### TASK ITEM
Output only the lines that run from the line holding "Pissings with Natalie in Bali Part I" to the end of the data below, including both ends, without any pictures.

(Beginning of DATA FOR THE TASK)

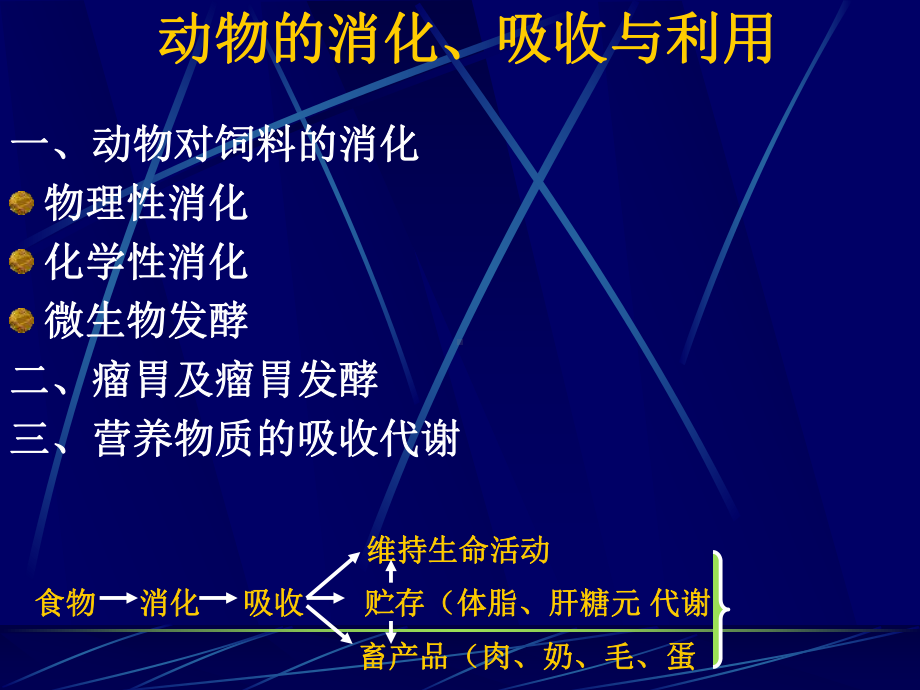 动物消化吸收课件.ppt_第1页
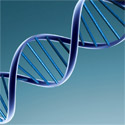bioinformatics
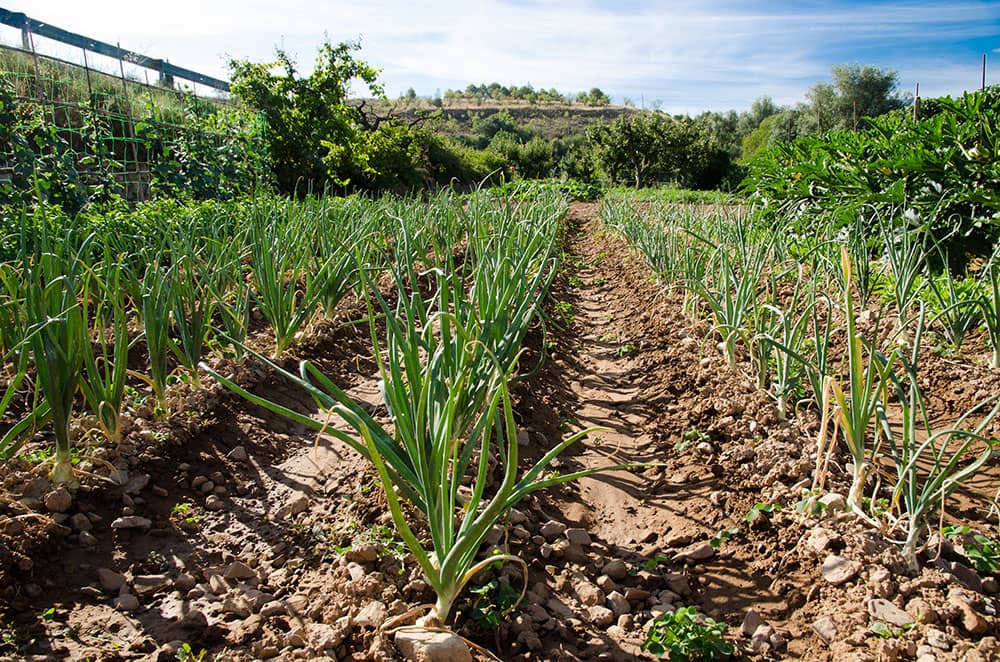 huerto_06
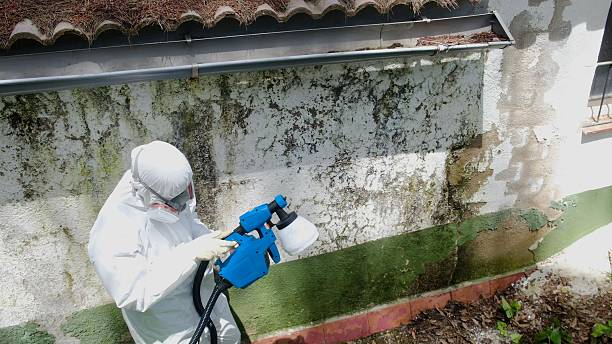 Top rated local Black Mold Remediation specialists in Woodward, PA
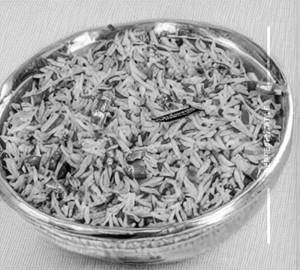 Veg munchurian rice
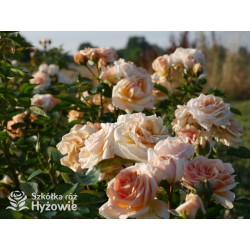 Circle of Life® Pokaźny kwiat, nabity płatkami, herbacianej barwy, mocno pachnący. Lśniący liść. Średniej wysokości krzew.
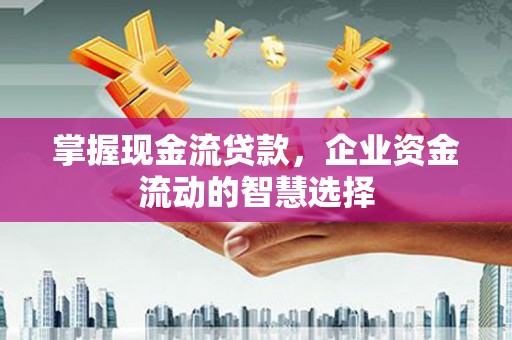 林甸掌握现金流贷款，企业资金流动的智慧选择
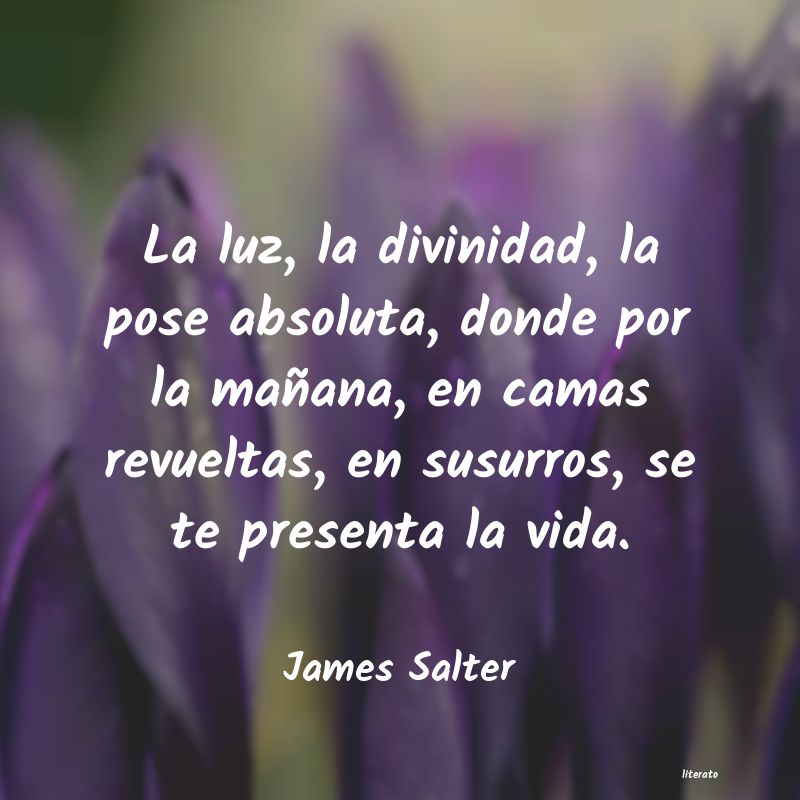 Frases de James Salter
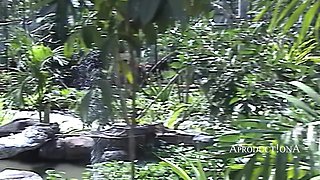 Pissings with Natalie in Bali Part I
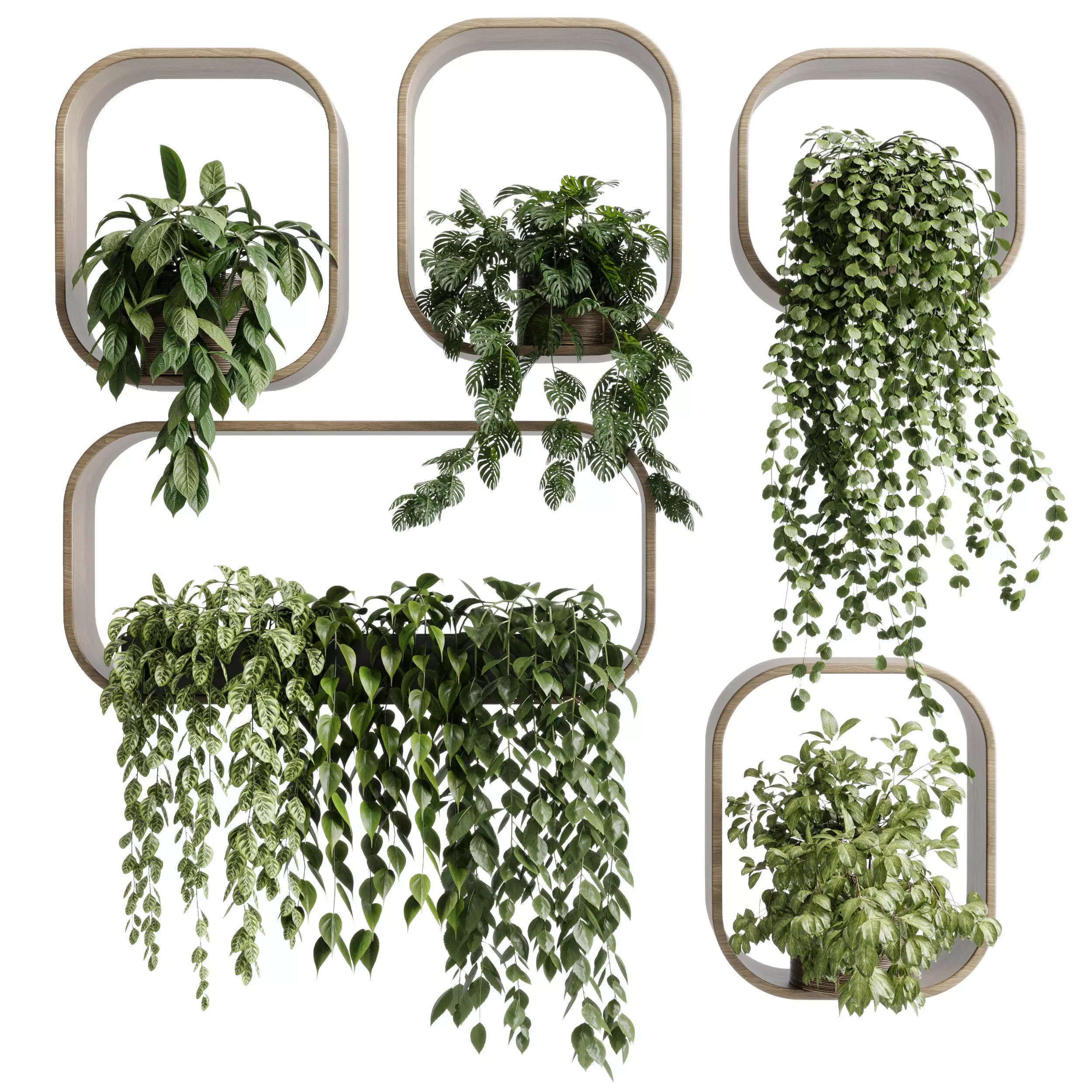 wall plant  set Indoor plant 603 plants on shelf in handmade 3D model_0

(End of DATA FOR THE TASK)

### ANSWER SPACE
 Pissings with Natalie in Bali Part I
 wall plant  set Indoor plant 603 plants on shelf in handmade 3D model_0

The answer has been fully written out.